O que se sente quando se ganha uma medalha nestas competições? “O significado de uma medalha varia muito consoante os objetivos, as expectativas e os resultados em si. Por vezes, encaro medalhas como ‘prémios de consolação’ quando sabia que podia ter feito melhor, mas mesmo essas têm um significado positivo. Ficar triste com uma medalha mostra-me a mim mesmo que tenho de continuar a praticar e a tentar melhorar e que nunca nos devemos contentar com o que alcançámos até ao momento. Noutras vezes, as medalhas têm um valor por si só, pela própria conquista da medalha, quando realmente consigo cumprir os meus objetivos e alcançar a medalha pretendida. Felicidade, orgulho e vontade de continuar é o que vem com a vitória”.

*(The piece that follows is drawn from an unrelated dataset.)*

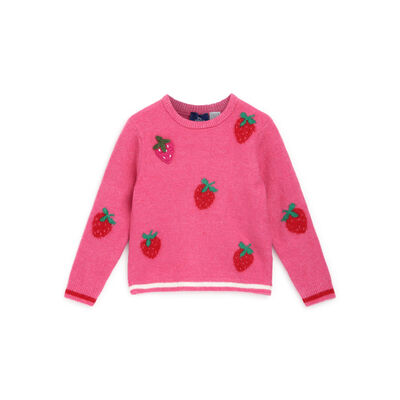 Girls Dark Pink Printed Pullover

E para participar é preciso gostar de Matemática e de resolver problemas. “Caso contrário, não sei até que ponto vale a pena. Depois disso, basta praticarem e superarem-se a vocês mesmos, o que importa é divertirem-se com o que fazem e os resultados vêm depois”. Conselhos de aluno que conhece as competições por dentro e que quer continuar a estudar a disciplina dos números no ensino superior.